Ах, если бы удалось изловить эту юркую ласточку, то мама  что-нибудь да выпытала  бы  и про неё саму, и про Кармен с третьего этажа. Но  ласточка на то и ласточка, что лови её, не лови – не поймаешь. Только приблизишься –  фьють,  и след  её простыл.

– Поёт хорошо, –  поддержал отец.

– Интересно, о чём?          

– О чём?  Она, Хенке, поёт о том, за что ей платят денежки. Даром никто с утра до вечера  своё горло драть не станет. Ты же не поешь, я не пою...

– Почему? Иногда я пою. Но ты из-за своего «Зингера» не слышишь. Ладно! Спрошу у пани Катажины. Она, кажется, немножко знает по-итальянски.

Пение Кармен с третьего этажа отцу не мешало. По правде говоря, ему никогда  не приходило в голову кого-нибудь спрашивать, о чём она поёт. Вернувшись из армии, он под хабанеру продолжал скакать на своей любимой лошади – на «Зингере» – в неведомые дали, может, в ту же Испанию, из которой более четырех веков тому назад  изгнали всех евреев – портных и раввинов, горшечников и столяров и в которой жила та испанка, роль которой на сцене исполняла Гражина.

Наша Кармен не была похожа на испанку ни лицом, ни осанкой. Высокая, полногрудая, с иссиня голубыми глазами и копной спадающих на плечи льняных волос, в коричневого цвета жакете с короткой, по тем временам даже вызывающе короткой юбке, в задорной шляпке,  она своим здоровым румянцем и вечной улыбкой на губах сразу выделялась  среди  дворового населения, средний возраст которого  перевалил далеко за  сорок. Особое положение Гражины оттенялось еще  и тем, что она была первой литовкой в этом  нашем просторном,  многоязычном дворе, жильцы которого кормились не искусством, а в основном разными ремёслами – шофёрили,  шили, штукатурили, столярничали…

Мама слов на ветер не бросала. Сказала – спрошу у пани Катажины –  и спросила:

– Пани Катажина, Вы в нашем дворе старожилка.

– Спасибо за комплимент, – без большого воодушевления ответила  хмурая полька.

Чтобы не начинать сразу с главного вопроса, мама заехала издалека:

– Эта пани артистка, с третьего этажа, которая по утрам поёт, она  ведь в нашем дворе поселилась раньше нас?

– Раньше, – пани Катажина выдавала свои слова, как хлебную пайку – ни одним граммом больше положенного. – Вас тут, пани Геня, тогда еще не было.

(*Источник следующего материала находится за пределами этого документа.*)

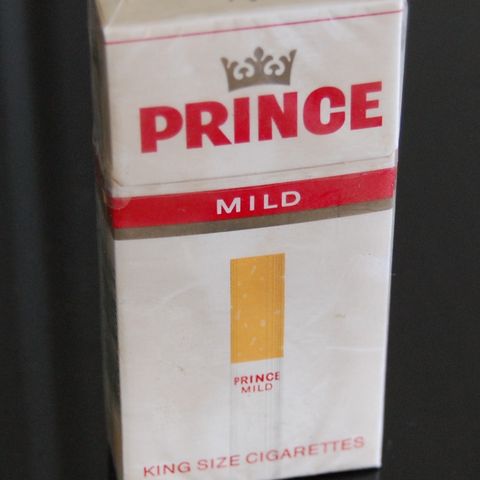 10 PRINCE MILD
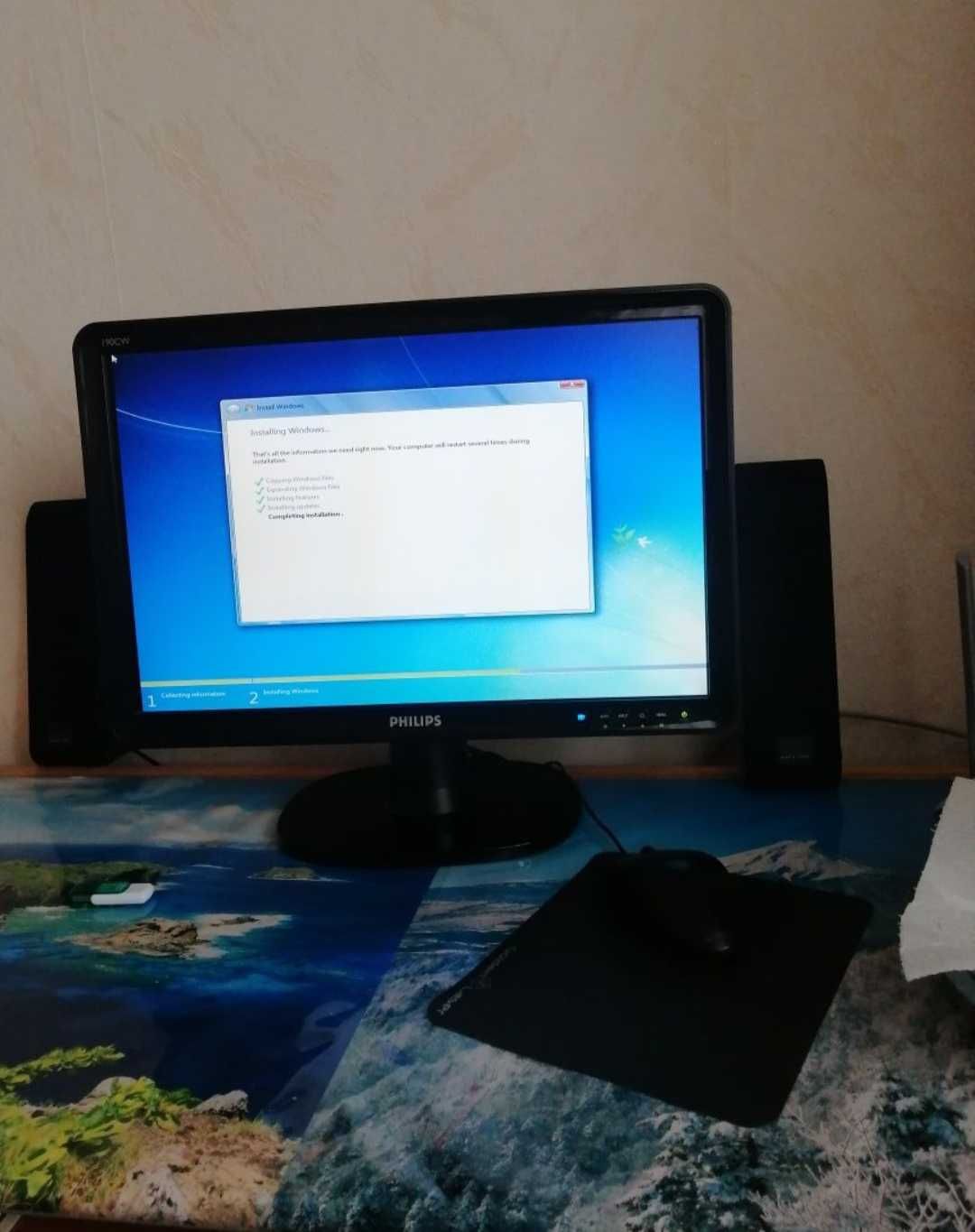 Преинсталиране и Инсталиране на Windows 10 , 8 , 7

– Но, наверное, незадолго до нас?

– Незадолго. В нашем дворе первые два-три месяца после ухода немцев пустовали почти все квартиры. С мебелью, с двуспальными кроватями, с зеркалами. Хозяева разбежались кто куда…   Бери – не хочу. По ночам по городу шастали банды мародёров… Пани актёрка вселилась в квартиру пана Збигнева Шиманского на старый Новый год. Надо вам сказать, что пан Збигнев тоже был большой любитель музыки – играл по вечерам на своём «Блютнере» ноктюрны Шопена или слушал Яна Кипуру. Вы, наверно, о божественном Яне никогда и не слышали?

– Нет, – призналась мама.

– Так, поверьте, поют только ангелы.

Маме хотелось больше узнать о Гражине, чем о божественном Яне и об ангелах. Но из уважения к пани Катажине она её не перебивала. Старая полька не любила, когда её мысли кто-нибудь принимался рассекать, как мясо на базаре, на отдельные части так, что потом их никак нельзя было собрать воедино.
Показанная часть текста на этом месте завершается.